Data supplied →
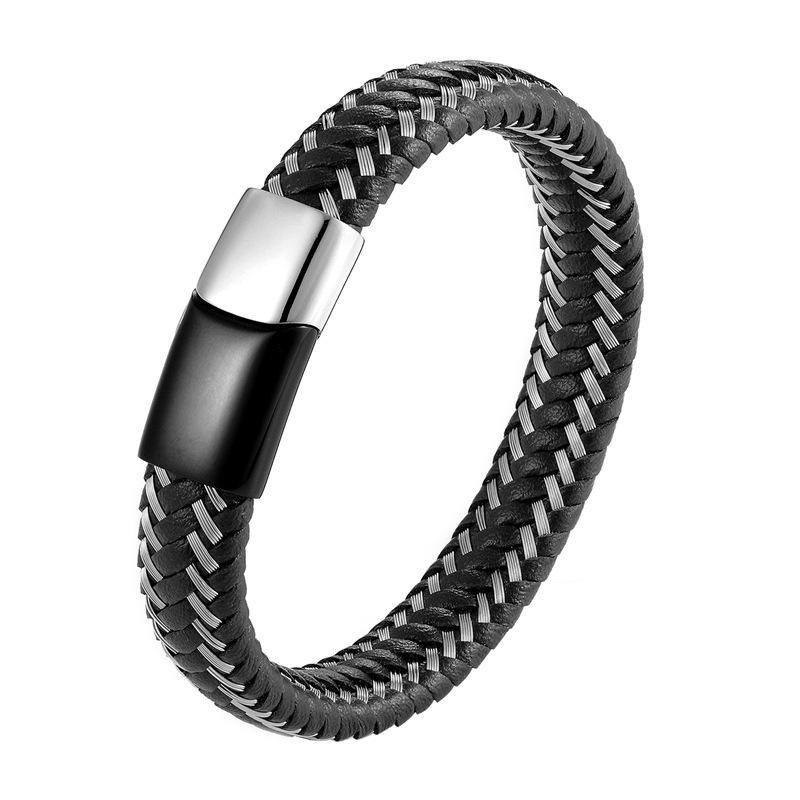 ブレスレット メンズ 男性用 ステンレス スチールワイヤー 編み込み レザー 革紐 パンク ロック 欧米ス..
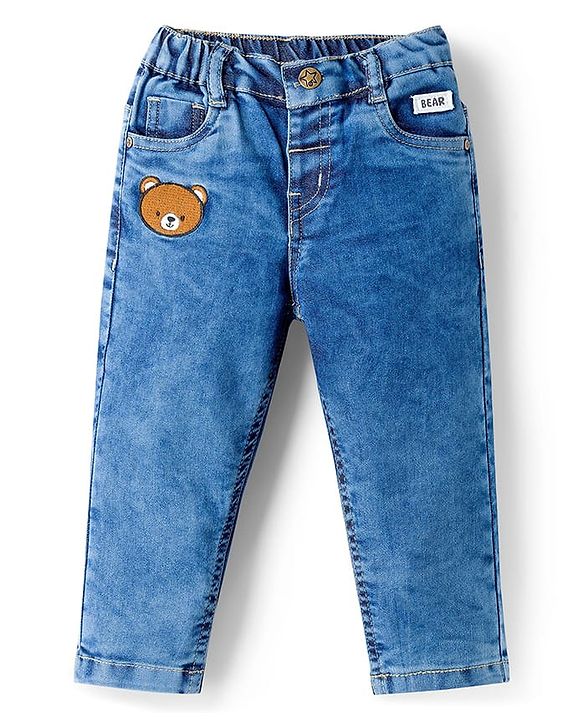 Babyhug Full Length Denim Jeans with Stretch & Bear Embroidery - Blue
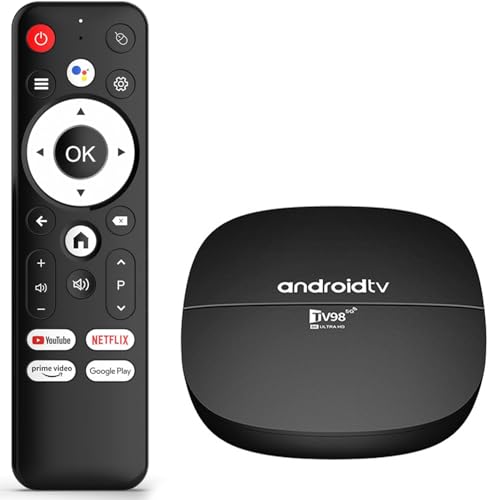 4K Ultra HD Smart Andriod TV Box HDR Streaming Device Google Assistant Voice Control Chromecast Built-In HDMI Media Player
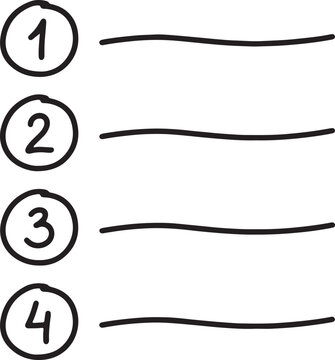 Numbered list with four distinct rows provides a clear structure for organizing tasks or priorities in a document.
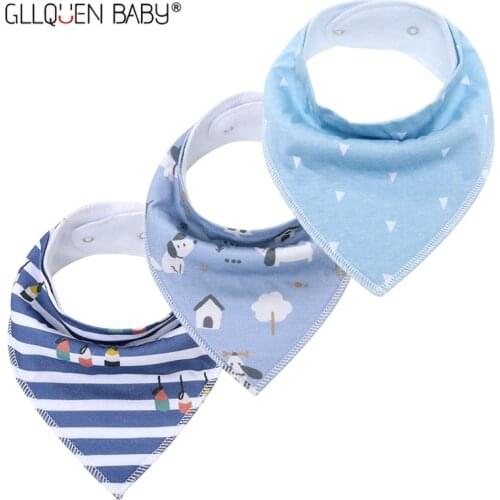 3pcs/lot Baby Bibs Bandana Set Newborn Baby Boys Girls Bibs Baby Towel Bandanas Soft 100%Cotton Scarf Infant Kids Scarf Gift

What you are asked to do → The records above should be duplicated exactly, with none of their pictures kept.

Response →
 ブレスレット メンズ 男性用 ステンレス スチールワイヤー 編み込み レザー 革紐 パンク ロック 欧米ス..
 Babyhug Full Length Denim Jeans with Stretch & Bear Embroidery - Blue
 4K Ultra HD Smart Andriod TV Box HDR Streaming Device Google Assistant Voice Control Chromecast Built-In HDMI Media Player
 Numbered list with four distinct rows provides a clear structure for organizing tasks or priorities in a document.
 3pcs/lot Baby Bibs Bandana Set Newborn Baby Boys Girls Bibs Baby Towel Bandanas Soft 100%Cotton Scarf Infant Kids Scarf Gift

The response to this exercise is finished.